Jamie Okuma (Luiseño/Shoshone-Bannock) began working with beads as a child creating her own dance regalia for powwows near her home, on the La Jolla Luiseño Reservation.
In high school, Okuma made her first miniature jingle dress, which she placed on a doll figure, and thus, the Jamie Okuma we know today emerged.
Historical accuracy, exemplary workmanship, and keen attention to detail are the hallmarks of her dolls, which are also frequently referred to as ‘soft sculptures’ since the term ‘doll’ seems to diminish the aesthetic range of these creations.
Terminology aside, the magnificent small wonders that she creates replicate life in miniature.
Generally taking up to four months to complete a figure, Okuma focuses on the elaborate clothing and accessories that were the height of Native fashion in the late 19th and early 20th-century Plains and Plateau region. Each detail is in perfect miniature, from the tiny beaded bag to the sewn brass sequins.

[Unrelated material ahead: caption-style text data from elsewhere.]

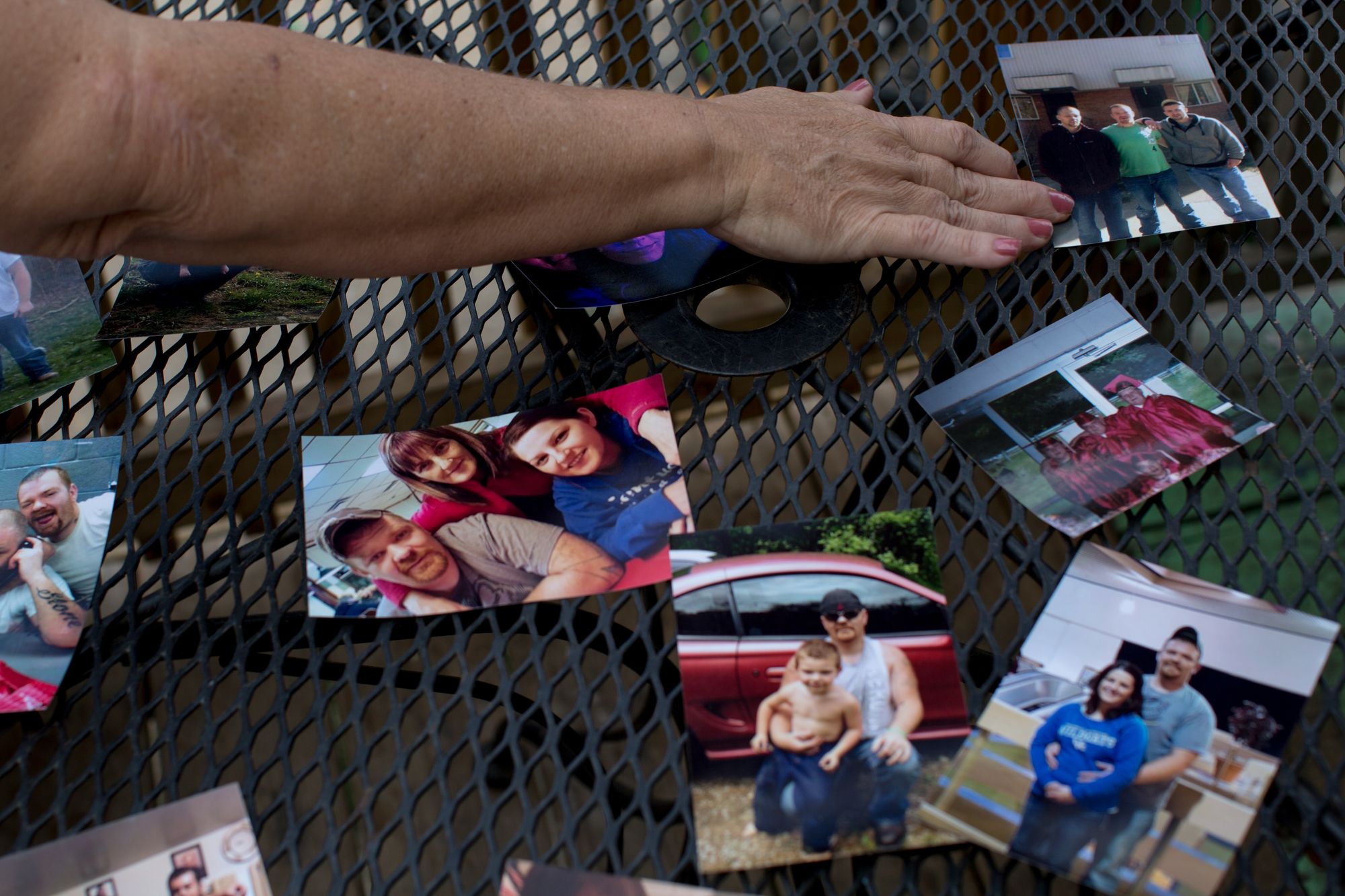 Terrie Jacobs shows pictures of her son, Christopher. 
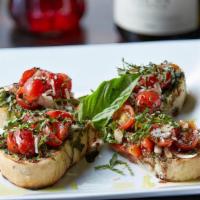 Bruschetta · Grilled ciabatta, grape tomato, fresh basil, garlic, white onion, pesto ricotta spread, and ...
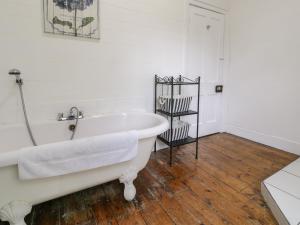 eine weiße Badewanne im Bad mit Holzboden in der Unterkunft The Mill House in Carrog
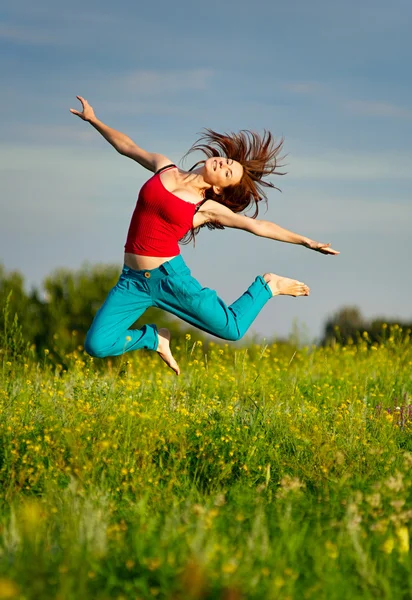 Woman jumping on a sunset — Stock Photo, Image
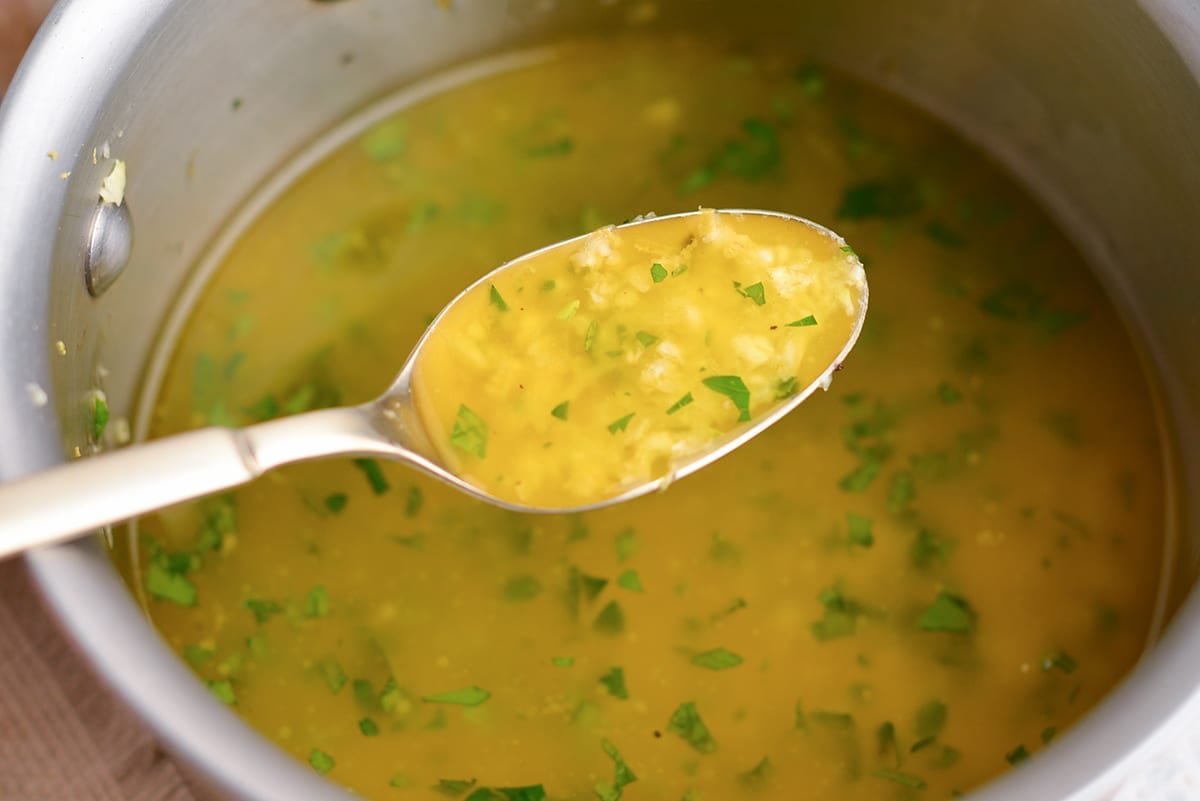 gold spoon with garlic butter sauce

A work by Okuma is much more than a traditional craft, but a piece of fine art for discriminating collectors.
At the age of 22, Okuma became the youngest artist in the history of Santa Fe Indian Market to win Best of Show, which would become the first of her four Best in Show awards: two from SWAIA and two from the Heard Museum Indian Fair and Market.
Today, she sews, beads and carves her mixed-media mini-sculptures in her home studio near sacred Mount Palomar on the La Jolla Reservation in San Diego County.